# Supplied data
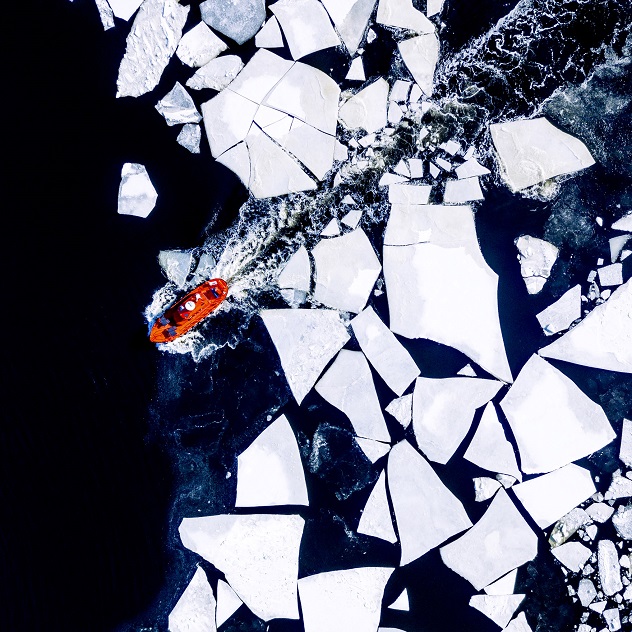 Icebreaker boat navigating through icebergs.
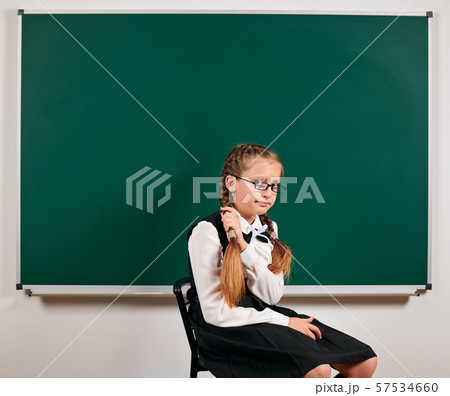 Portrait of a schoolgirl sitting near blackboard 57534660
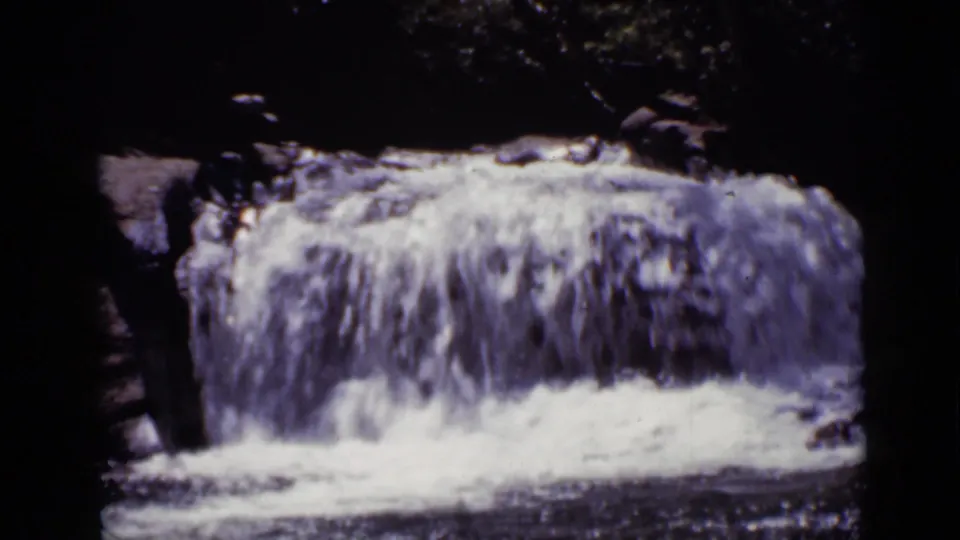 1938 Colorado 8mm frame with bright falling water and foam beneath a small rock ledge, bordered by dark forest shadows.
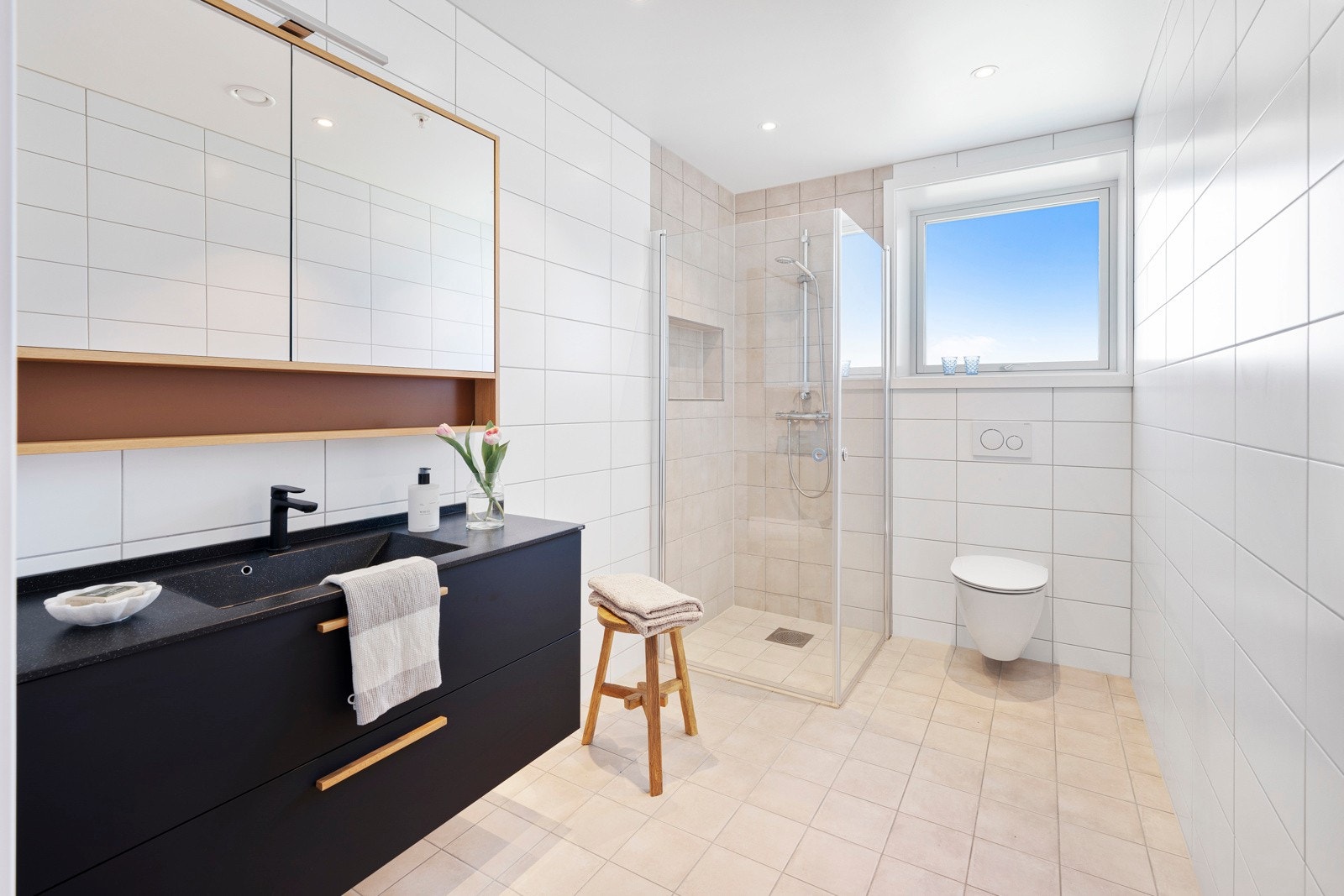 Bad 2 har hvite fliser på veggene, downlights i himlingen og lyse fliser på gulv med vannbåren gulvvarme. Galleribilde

# Prompt
Every line above is to be duplicated exactly; no picture should be carried over.

# Result of this exercise
 Icebreaker boat navigating through icebergs.
 Portrait of a schoolgirl sitting near blackboard 57534660
 1938 Colorado 8mm frame with bright falling water and foam beneath a small rock ledge, bordered by dark forest shadows.
 Bad 2 har hvite fliser på veggene, downlights i himlingen og lyse fliser på gulv med vannbåren gulvvarme. Galleribilde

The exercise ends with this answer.